# What you are asked to do
Set down every line of the data exactly, skipping the pictures.

# Material provided
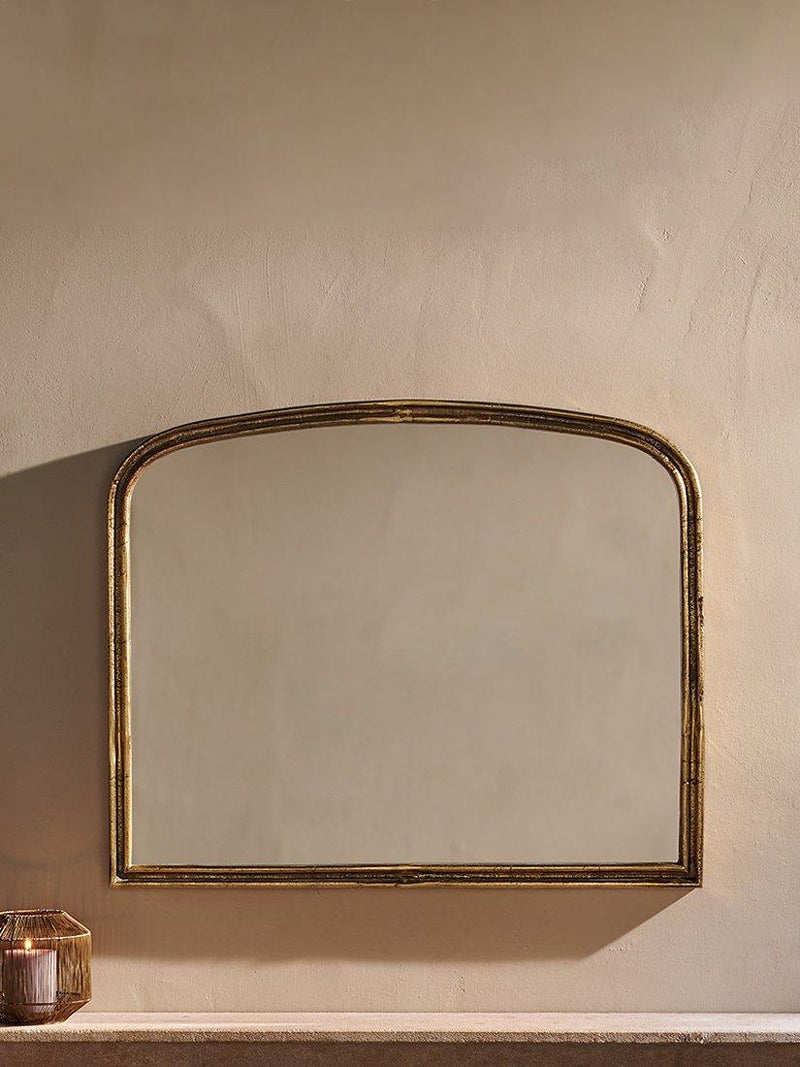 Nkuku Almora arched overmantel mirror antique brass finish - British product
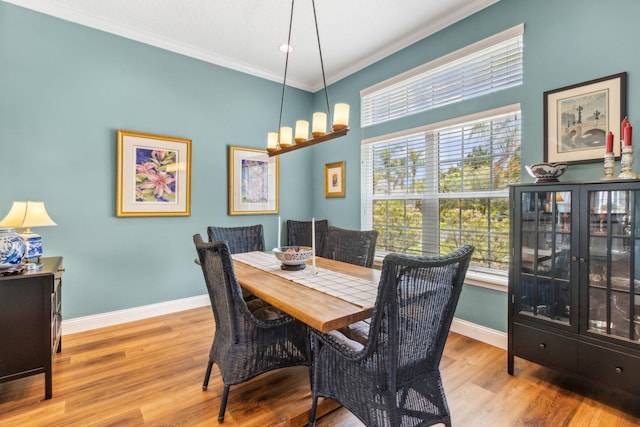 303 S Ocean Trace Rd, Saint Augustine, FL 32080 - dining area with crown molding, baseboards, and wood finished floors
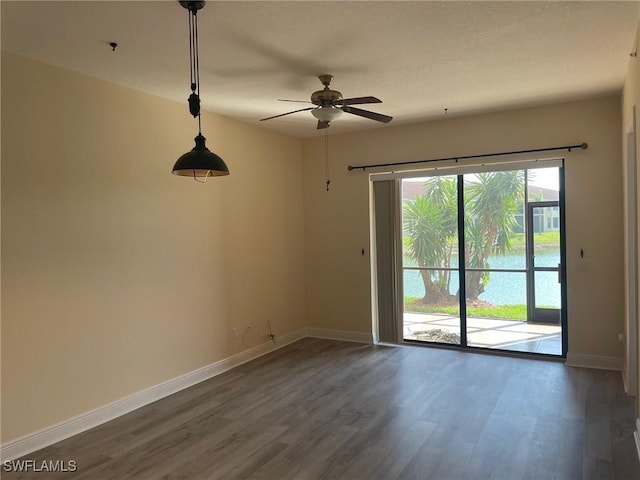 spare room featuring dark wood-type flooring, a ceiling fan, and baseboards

# Reply to the exercise
 Nkuku Almora arched overmantel mirror antique brass finish - British product
 303 S Ocean Trace Rd, Saint Augustine, FL 32080 - dining area with crown molding, baseboards, and wood finished floors
 spare room featuring dark wood-type flooring, a ceiling fan, and baseboards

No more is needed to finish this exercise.